▶ **ACTIVITY**: Copy word for word the lines of the records below, beginning at the one with "Remember, if you" and finishing at the one with "So in creating", ends included, but none of the pictures.

▶ **DATASET RECORDS**:
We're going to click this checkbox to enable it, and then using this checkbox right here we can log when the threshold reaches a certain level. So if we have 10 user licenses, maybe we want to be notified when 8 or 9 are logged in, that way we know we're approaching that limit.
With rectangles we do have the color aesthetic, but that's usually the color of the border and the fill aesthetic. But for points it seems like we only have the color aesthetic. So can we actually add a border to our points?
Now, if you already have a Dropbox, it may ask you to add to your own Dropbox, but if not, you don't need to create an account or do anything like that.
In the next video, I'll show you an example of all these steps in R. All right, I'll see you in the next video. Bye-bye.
--
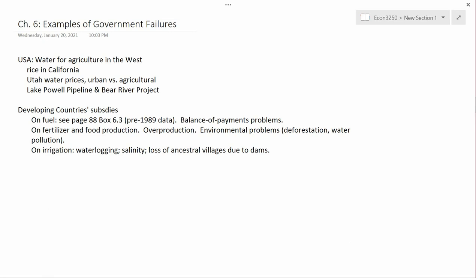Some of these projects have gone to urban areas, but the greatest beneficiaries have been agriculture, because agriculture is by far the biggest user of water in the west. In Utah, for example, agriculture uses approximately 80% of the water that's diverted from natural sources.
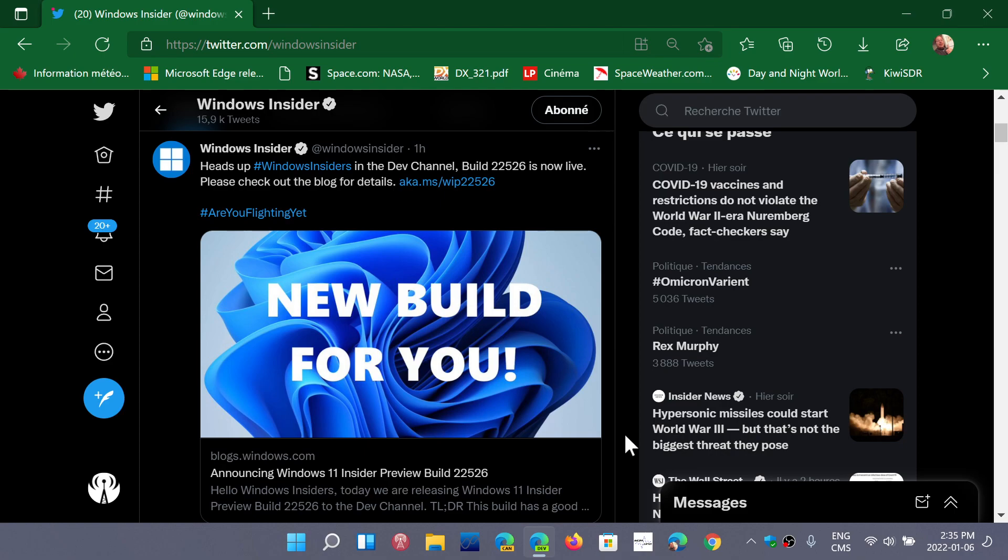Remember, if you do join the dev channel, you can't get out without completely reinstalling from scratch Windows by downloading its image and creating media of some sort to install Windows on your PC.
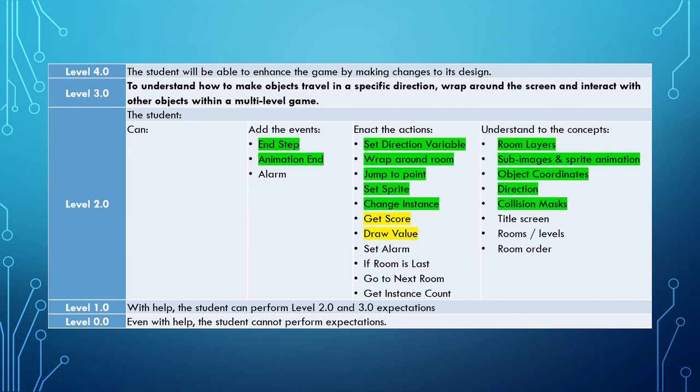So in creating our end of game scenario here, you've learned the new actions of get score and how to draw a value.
--
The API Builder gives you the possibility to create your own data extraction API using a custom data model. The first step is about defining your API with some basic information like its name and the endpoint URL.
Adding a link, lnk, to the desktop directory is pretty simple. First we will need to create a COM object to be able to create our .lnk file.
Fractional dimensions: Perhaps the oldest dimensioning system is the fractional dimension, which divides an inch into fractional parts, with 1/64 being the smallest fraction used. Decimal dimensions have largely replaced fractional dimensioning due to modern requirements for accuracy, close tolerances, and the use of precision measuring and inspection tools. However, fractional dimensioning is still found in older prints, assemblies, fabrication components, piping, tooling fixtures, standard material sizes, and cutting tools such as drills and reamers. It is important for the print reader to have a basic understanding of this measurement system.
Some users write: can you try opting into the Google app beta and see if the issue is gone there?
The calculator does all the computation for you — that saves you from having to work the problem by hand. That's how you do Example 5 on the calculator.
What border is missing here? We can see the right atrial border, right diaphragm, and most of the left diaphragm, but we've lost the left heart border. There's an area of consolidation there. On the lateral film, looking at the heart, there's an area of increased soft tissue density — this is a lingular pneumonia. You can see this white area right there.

▶ **ANSWER**:
Remember, if you do join the dev channel, you can't get out without completely reinstalling from scratch Windows by downloading its image and creating media of some sort to install Windows on your PC.
So in creating our end of game scenario here, you've learned the new actions of get score and how to draw a value.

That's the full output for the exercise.